Cable Operators Get the Go-Ahead to Buy Local Exchange Competitors

Brian Washburn
Brian Washburn

Summary Bullets:

  • FCC forbearance paves the way for cable providers to acquire CLECs operating in the same footprint. For business services, cable providers could blanket entire markets instead of dealing with patchworks of franchise territories.
  • The survival tactics honed by CLECs in the last 15 years of competition could be a big marketing, sales and customer service/support shot in the arm for cable operators’ business services practices.

As of September 2012, the FCC will no longer prevent cable companies and competitive local exchange carriers (CLECs) from owning each other. That prohibition goes back to the Telecommunications Act of 1996: cable operators and local exchange carriers serving the same footprint could not own more than 10% interest in each other, or have any management control over the other. Fifteen years ago, the idea made sense. Cable and Bell companies had started to square off in competition that benefited consumers; the prohibition kept competitors in the same footprint from merging to become utterly dominant. In this case, the law of unintended consequences prevented cable providers from getting into the telco business by buying CLECs, or telcos from getting into the video business by buying a cable overbuilder. Comcast managed acquisitions of providers Cimco and New Global Telecom, but had to go through detailed regulatory reviews.

Now those cross-ownership prohibitions have been lifted, thanks to a request that was filed back in June 2011 by the National Cable & Telecommunications Association (NCTA), joined by the American Cable Association (ACA). The request to lift cable-CLEC restrictions clearly didn’t come out of the blue: some cable providers must have had some ideas in mind to prompt their associations to move. The FCC ruling could be a catalyst for widespread rumors and speculation on cable-CLEC dream team combinations.
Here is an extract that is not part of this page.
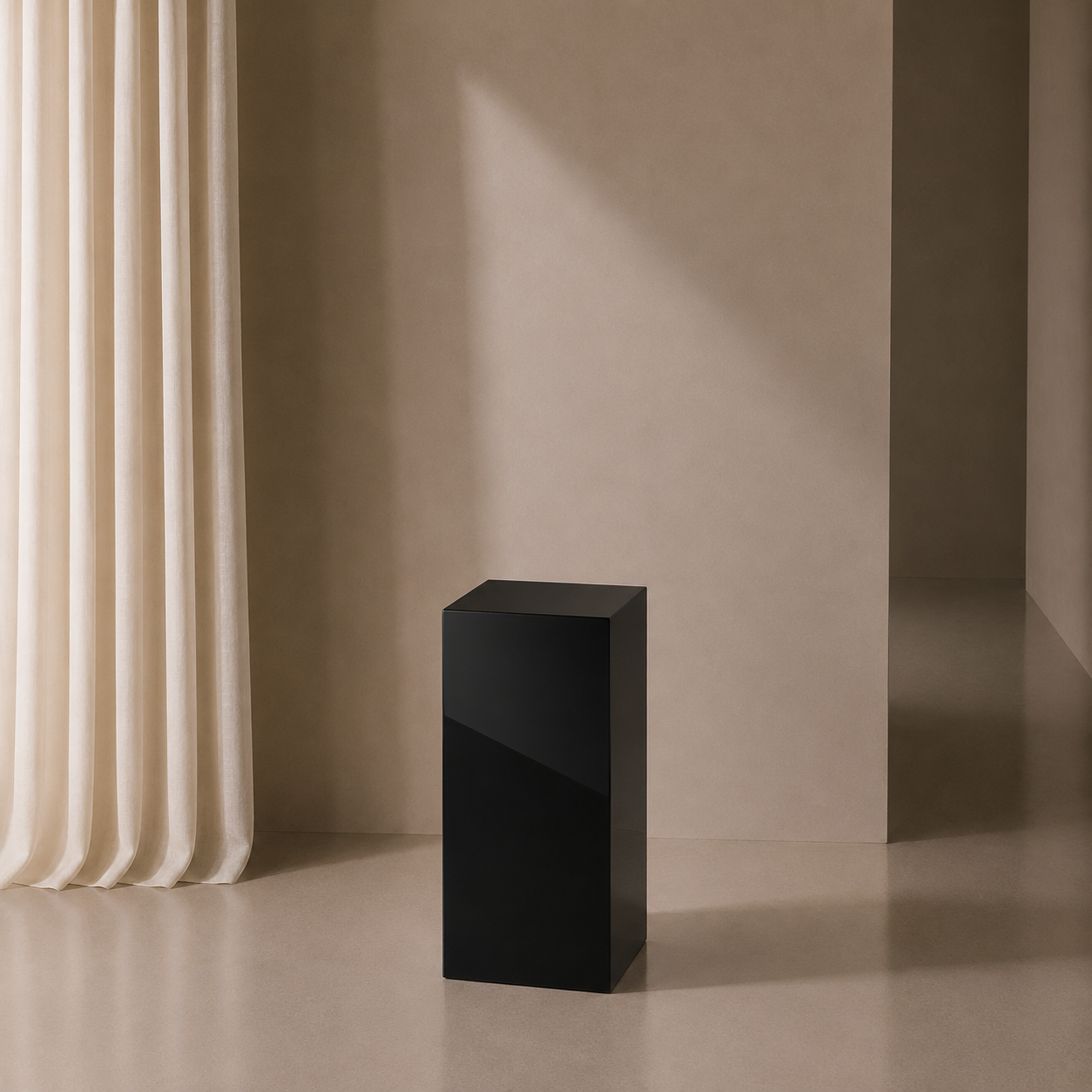 Black Gloss Acrylic Plinth - 50cm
There’s no telling what cable-CLEC pair might move first, now that the way has been cleared. But cable providers could get some big benefits even from snapping up small CLECs. The obvious goal is to fill the holes of cable’s patchwork of franchise coverage. By adding a CLEC, a cable operator could mix on-net fiber and coax broadband with off-net telco-based options, to blanket their territories with comprehensive business services coverage. But importing CLECs’ culture could be just as vitalizing. CLECs for the past 15 years have had to market themselves as offering cheaper, better service, with responsive customer service. They have built strategies that let them succeed (or at least survive) competing directly against much bigger incumbent operators that offer similar product sets. The right CLEC match, integrated properly, could add sales, customer service and support, marketing, management and operations expertise, building onto the in-house business services efforts by the cable operator.